Perceptions and Beliefs Are Not Reality
In our view, avoiding a confusing conceptualization of CDT requires specifying that the regulation strategy aims at CDS and not necessarily directly at the inconsistency. To serve that purpose, the term regulation fits best with the idea of generally decreasing the motivational state, while the term reduction could be reserved for regulation specifically aimed at reducing the inconsistency. In our opinion, this terminology is more integrated with the general theory (see Vaidis and Bran, 2018), as well as more connected to current knowledge (see also Proulx et al., 2012; Jonas et al., 2014; Levy et al., 2017). According to the https://ecosoberhouse.com/article/cognitive-dissonance-treatment-in-sober-living/, the very best way to get people to change their attitudes is to first get them to change their behavior. This contradiction creates cognitive dissonance, an unpleasant state of physiological arousal, which we are highly motivated to avoid.
- Think about a time when you experienced cognitive dissonance in your own life.
- ] and if the decision was close then the effects of cognitive dissonance should be greater.
- If the cognitions are relevant, they can be in agreement (consistent) or disagreement (inconsistent) with one another (Festinger, 1957).
- A person who experiences internal inconsistency tends to become psychologically uncomfortable and is motivated to reduce the cognitive dissonance.
- Many people seem able to cope with considerable dissonance and not experience the tensions the theory predicts.
- By nature, we mean the parameters that allow a clear definition of this “state,” such as the experience of a specific emotion or the state’s intensity, valence or motivational capacity.
It is only leading the way for the next generation of researchers who will take steps to move the discipline toward stronger and more reliable knowledge about the human mind. As a final word, and as fervent supporters of CDT, we affirm that it is definitely an elegant theory. However, science should not concern itself with the gracefulness of a theory but only about the solidity of the evidence supporting it and its own falsifiability. The general model of CDT suggests that the detection of an inconsistency will evoke a CDS, which will motivate a regulation strategy. In the previous paragraphs, we made several suggestions for testing CDT in a more reliable way and, as the model is sequential, the suggestions should also respect a step sequence.
Assessing Cognitive Dissonance: 2 Questionnaires
Technological advances are allowing psychologists to study the biomechanics of cognitive dissonance. Throwing trash outside even when knowing this act is against the law, wrong, and could harm animals and the planet is cognitive dissonance, especially if the person feels bad after littering but continues to do so. There are also individual differences in whether or not people act as this theory predicts. Many people seem able to cope with considerable dissonance and not experience the tensions the theory predicts.
- Before understanding how this theory relates to public relations, it is important to get a well-rounded understanding of what cognitive dissonance is.
- If John keeps thinking about how miserable he is, it is going to be a very long four years.
- However, Festinger was convinced that once dissonance exists, there would be attempts to reduce it.
- Moreover, these expectations were assimilated into the ratings of the actual experience of the bitterness and pungency of the oil.
- You may initially feel pretty upset — ”just one more daily annoyance.” But then you rationalize.
Their behaviour confirmed predictions from his cognitive dissonance theory, whose premise was that people need to maintain consistency between thoughts, feelings, and behaviours.
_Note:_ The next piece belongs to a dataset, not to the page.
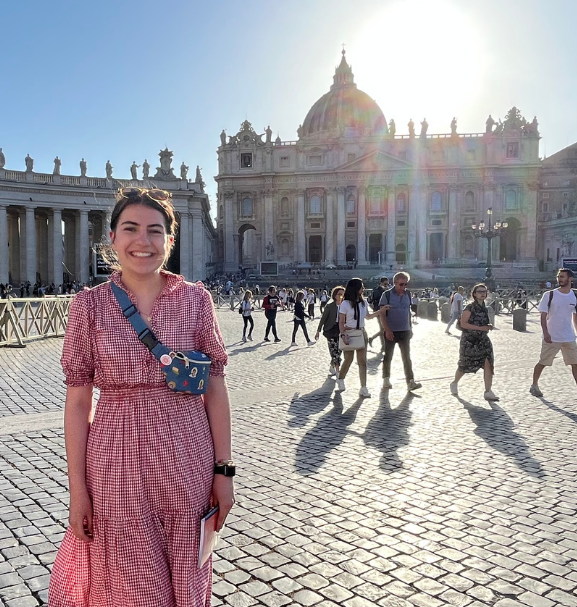 Miriam in front of the Basilica of St. Peter in Vatican City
It is possible to resolve cognitive dissonance by either changing one’s behavior or changing one’s beliefs so they are consistent with each other. Negative consequences of cognitive dissonance reduction include procrastination or acting seemingly contrary to our values and beliefs. However, it can be beneficial to remind ourselves that it exists as a psychological safety mechanism to help us perceive the world consistently and to protect the perception we have about ourselves.